Start of Information
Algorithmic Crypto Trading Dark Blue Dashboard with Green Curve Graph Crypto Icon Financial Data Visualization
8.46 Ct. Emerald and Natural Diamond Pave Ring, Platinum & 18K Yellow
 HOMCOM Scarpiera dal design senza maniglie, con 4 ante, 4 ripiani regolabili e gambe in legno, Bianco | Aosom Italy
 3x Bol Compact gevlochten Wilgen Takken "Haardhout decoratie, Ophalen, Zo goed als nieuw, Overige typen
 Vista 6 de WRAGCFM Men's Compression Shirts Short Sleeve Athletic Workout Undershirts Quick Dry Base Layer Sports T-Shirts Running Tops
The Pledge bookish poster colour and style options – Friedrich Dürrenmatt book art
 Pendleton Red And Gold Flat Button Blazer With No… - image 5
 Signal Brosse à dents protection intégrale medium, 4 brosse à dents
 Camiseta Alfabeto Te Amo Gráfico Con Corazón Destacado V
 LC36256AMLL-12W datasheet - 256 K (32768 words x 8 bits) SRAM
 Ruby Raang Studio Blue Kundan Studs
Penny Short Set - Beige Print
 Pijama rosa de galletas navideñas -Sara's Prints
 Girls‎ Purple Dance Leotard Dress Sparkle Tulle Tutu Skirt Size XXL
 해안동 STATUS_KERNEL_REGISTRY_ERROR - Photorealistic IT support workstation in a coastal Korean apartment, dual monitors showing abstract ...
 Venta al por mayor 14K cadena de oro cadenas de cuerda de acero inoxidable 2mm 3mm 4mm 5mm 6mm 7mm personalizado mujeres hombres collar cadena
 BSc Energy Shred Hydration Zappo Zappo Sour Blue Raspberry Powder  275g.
End of Information
- How to complete this task
Print out the data exactly once more.

- Task answer
Algorithmic Crypto Trading Dark Blue Dashboard with Green Curve Graph Crypto Icon Financial Data Visualization
8.46 Ct. Emerald and Natural Diamond Pave Ring, Platinum & 18K Yellow
 HOMCOM Scarpiera dal design senza maniglie, con 4 ante, 4 ripiani regolabili e gambe in legno, Bianco | Aosom Italy
 3x Bol Compact gevlochten Wilgen Takken "Haardhout decoratie, Ophalen, Zo goed als nieuw, Overige typen
 Vista 6 de WRAGCFM Men's Compression Shirts Short Sleeve Athletic Workout Undershirts Quick Dry Base Layer Sports T-Shirts Running Tops
The Pledge bookish poster colour and style options – Friedrich Dürrenmatt book art
 Pendleton Red And Gold Flat Button Blazer With No… - image 5
 Signal Brosse à dents protection intégrale medium, 4 brosse à dents
 Camiseta Alfabeto Te Amo Gráfico Con Corazón Destacado V
 LC36256AMLL-12W datasheet - 256 K (32768 words x 8 bits) SRAM
 Ruby Raang Studio Blue Kundan Studs
Penny Short Set - Beige Print
 Pijama rosa de galletas navideñas -Sara's Prints
 Girls‎ Purple Dance Leotard Dress Sparkle Tulle Tutu Skirt Size XXL
 해안동 STATUS_KERNEL_REGISTRY_ERROR - Photorealistic IT support workstation in a coastal Korean apartment, dual monitors showing abstract ...
 Venta al por mayor 14K cadena de oro cadenas de cuerda de acero inoxidable 2mm 3mm 4mm 5mm 6mm 7mm personalizado mujeres hombres collar cadena
 BSc Energy Shred Hydration Zappo Zappo Sour Blue Raspberry Powder  275g.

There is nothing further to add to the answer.